Entries taken from a collection
[Start of Attachment]
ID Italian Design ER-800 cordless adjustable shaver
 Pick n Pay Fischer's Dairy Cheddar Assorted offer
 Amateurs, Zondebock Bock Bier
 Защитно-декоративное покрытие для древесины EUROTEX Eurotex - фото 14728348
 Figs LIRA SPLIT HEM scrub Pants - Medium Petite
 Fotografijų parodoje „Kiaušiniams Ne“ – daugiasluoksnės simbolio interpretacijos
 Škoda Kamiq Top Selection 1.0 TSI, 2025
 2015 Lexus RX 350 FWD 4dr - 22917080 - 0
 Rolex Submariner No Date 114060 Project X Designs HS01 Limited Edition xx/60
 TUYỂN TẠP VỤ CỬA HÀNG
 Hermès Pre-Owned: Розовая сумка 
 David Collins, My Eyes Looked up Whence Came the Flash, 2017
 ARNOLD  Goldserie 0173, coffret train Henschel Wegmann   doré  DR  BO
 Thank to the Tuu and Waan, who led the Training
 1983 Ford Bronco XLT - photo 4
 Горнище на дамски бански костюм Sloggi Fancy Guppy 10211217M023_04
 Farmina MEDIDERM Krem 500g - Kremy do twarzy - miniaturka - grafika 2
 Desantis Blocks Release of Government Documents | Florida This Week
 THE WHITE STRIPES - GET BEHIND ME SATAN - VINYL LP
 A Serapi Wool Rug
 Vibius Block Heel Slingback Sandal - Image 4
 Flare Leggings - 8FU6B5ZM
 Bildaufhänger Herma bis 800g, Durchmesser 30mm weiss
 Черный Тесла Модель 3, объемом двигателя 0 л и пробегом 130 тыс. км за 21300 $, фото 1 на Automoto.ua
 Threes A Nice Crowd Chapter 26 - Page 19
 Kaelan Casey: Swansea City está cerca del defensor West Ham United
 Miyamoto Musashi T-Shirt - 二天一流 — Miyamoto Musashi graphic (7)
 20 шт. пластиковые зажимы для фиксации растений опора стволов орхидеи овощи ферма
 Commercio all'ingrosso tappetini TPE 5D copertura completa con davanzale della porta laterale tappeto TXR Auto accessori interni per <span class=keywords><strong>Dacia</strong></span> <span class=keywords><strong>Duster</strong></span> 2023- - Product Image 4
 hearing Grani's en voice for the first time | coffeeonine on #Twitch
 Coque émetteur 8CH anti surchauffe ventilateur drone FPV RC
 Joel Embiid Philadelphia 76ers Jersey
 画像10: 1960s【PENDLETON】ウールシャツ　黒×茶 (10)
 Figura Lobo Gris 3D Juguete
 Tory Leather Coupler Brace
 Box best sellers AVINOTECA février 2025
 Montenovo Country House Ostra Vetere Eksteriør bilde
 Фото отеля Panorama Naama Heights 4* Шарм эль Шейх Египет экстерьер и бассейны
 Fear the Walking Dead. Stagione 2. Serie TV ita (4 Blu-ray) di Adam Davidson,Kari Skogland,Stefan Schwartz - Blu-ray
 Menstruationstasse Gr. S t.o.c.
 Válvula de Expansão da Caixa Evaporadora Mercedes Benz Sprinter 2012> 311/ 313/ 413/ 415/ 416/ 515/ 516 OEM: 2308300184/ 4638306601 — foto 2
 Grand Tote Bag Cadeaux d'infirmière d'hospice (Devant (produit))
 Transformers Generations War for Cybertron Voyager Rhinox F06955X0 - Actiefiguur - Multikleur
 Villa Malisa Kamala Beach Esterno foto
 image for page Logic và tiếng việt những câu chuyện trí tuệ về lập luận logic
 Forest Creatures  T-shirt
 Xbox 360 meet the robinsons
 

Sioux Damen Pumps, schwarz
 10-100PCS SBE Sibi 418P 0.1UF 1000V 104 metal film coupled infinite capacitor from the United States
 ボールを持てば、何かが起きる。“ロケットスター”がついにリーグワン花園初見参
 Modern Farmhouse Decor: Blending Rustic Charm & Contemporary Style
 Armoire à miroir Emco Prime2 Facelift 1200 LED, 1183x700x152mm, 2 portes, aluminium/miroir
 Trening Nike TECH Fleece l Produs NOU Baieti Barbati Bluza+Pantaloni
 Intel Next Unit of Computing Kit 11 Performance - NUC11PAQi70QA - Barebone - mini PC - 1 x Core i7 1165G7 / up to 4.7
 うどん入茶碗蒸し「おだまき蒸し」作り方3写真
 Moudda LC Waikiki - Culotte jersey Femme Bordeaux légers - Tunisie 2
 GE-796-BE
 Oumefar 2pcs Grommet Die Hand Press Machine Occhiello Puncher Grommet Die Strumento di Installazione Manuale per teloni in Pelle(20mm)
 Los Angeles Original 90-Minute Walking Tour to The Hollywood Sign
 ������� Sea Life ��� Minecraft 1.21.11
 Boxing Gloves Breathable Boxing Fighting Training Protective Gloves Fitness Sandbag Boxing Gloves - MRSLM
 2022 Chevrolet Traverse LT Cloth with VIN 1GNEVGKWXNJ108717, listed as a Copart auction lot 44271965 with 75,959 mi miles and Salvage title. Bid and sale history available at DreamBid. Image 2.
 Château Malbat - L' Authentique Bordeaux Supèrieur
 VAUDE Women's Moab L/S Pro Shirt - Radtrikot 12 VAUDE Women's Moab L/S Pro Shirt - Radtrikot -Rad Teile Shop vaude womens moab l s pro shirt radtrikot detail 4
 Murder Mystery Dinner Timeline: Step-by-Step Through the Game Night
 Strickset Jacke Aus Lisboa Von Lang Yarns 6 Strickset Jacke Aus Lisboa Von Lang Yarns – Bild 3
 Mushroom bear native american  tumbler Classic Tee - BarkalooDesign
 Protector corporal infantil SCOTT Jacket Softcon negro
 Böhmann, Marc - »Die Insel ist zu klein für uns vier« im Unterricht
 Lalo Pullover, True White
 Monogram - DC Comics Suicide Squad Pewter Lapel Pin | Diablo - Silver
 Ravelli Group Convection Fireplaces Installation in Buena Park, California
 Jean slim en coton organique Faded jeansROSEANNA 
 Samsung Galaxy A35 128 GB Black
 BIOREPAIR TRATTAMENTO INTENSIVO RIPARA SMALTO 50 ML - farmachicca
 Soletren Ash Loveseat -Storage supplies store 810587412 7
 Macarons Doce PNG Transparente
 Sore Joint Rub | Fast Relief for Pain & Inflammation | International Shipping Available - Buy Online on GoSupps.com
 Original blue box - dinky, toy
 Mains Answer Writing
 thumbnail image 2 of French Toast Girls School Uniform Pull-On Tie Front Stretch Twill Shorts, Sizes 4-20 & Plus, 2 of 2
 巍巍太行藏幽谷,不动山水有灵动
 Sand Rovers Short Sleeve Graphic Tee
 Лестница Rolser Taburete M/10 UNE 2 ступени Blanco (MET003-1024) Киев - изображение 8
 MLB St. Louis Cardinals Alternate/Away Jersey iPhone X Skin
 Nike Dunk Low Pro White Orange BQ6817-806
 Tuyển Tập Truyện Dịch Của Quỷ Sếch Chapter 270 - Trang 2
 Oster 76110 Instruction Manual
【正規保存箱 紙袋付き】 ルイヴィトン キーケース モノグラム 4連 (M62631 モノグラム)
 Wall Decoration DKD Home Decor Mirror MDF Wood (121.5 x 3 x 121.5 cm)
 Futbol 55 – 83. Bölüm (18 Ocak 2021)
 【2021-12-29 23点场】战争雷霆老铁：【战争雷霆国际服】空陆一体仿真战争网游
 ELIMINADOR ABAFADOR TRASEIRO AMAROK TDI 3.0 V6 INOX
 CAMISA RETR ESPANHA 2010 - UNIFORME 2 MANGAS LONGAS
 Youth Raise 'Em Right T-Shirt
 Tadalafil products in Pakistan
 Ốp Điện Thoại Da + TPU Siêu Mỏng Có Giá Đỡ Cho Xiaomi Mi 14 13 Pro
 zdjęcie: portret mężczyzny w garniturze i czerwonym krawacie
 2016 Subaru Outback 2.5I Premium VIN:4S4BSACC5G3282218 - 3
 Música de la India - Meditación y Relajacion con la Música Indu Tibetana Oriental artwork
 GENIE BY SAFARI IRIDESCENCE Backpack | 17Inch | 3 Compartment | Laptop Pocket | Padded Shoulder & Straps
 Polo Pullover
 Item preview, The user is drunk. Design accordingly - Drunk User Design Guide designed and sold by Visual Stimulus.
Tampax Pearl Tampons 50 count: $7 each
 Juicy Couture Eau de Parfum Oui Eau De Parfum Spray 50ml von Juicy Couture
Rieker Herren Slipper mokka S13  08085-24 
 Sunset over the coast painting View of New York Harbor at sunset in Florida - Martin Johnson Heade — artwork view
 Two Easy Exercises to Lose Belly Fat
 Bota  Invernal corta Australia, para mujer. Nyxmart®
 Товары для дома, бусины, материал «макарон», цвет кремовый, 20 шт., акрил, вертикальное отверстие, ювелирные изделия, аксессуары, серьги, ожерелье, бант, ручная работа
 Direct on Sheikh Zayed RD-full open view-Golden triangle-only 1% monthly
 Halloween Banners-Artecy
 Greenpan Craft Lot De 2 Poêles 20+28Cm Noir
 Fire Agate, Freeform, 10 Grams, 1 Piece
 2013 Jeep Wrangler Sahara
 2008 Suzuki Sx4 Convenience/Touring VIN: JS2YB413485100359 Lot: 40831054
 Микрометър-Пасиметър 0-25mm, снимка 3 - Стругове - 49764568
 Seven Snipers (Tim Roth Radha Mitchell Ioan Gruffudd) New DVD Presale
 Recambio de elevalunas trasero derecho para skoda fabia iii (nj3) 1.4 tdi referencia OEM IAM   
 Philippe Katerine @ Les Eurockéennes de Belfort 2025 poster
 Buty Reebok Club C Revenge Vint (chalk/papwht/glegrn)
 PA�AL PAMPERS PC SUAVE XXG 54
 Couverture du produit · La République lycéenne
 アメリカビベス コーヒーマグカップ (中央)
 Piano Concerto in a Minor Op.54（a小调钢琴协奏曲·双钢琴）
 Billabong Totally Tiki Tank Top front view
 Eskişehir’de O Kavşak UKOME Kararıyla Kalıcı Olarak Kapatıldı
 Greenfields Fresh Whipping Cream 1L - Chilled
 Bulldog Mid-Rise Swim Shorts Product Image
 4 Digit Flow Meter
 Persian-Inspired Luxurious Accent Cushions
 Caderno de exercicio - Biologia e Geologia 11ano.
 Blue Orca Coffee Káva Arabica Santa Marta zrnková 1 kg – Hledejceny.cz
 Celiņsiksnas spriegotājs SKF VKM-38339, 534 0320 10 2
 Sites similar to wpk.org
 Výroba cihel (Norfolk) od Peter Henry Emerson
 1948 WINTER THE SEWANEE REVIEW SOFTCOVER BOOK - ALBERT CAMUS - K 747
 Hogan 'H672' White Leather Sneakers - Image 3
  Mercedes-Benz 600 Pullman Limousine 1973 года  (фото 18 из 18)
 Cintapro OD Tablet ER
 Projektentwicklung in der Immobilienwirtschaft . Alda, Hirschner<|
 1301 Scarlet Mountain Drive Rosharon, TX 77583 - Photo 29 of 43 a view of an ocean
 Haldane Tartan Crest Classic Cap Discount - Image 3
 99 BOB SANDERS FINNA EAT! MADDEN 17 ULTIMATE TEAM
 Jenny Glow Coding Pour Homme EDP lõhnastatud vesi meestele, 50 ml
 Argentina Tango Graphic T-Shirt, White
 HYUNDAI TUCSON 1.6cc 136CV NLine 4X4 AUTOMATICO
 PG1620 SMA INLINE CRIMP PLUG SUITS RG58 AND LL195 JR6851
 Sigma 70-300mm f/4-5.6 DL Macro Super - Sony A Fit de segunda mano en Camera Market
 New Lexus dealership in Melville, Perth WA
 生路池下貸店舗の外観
[End of Attachment]
● WHAT TO WORK ON
Return, exactly, the lines from the first line of the records above to the line containing "Горнище на дамски", both included.

● SOLUTION FOR THIS EXERCISE
ID Italian Design ER-800 cordless adjustable shaver
 Pick n Pay Fischer's Dairy Cheddar Assorted offer
 Amateurs, Zondebock Bock Bier
 Защитно-декоративное покрытие для древесины EUROTEX Eurotex - фото 14728348
 Figs LIRA SPLIT HEM scrub Pants - Medium Petite
 Fotografijų parodoje „Kiaušiniams Ne“ – daugiasluoksnės simbolio interpretacijos
 Škoda Kamiq Top Selection 1.0 TSI, 2025
 2015 Lexus RX 350 FWD 4dr - 22917080 - 0
 Rolex Submariner No Date 114060 Project X Designs HS01 Limited Edition xx/60
 TUYỂN TẠP VỤ CỬA HÀNG
 Hermès Pre-Owned: Розовая сумка 
 David Collins, My Eyes Looked up Whence Came the Flash, 2017
 ARNOLD  Goldserie 0173, coffret train Henschel Wegmann   doré  DR  BO
 Thank to the Tuu and Waan, who led the Training
 1983 Ford Bronco XLT - photo 4
 Горнище на дамски бански костюм Sloggi Fancy Guppy 10211217M023_04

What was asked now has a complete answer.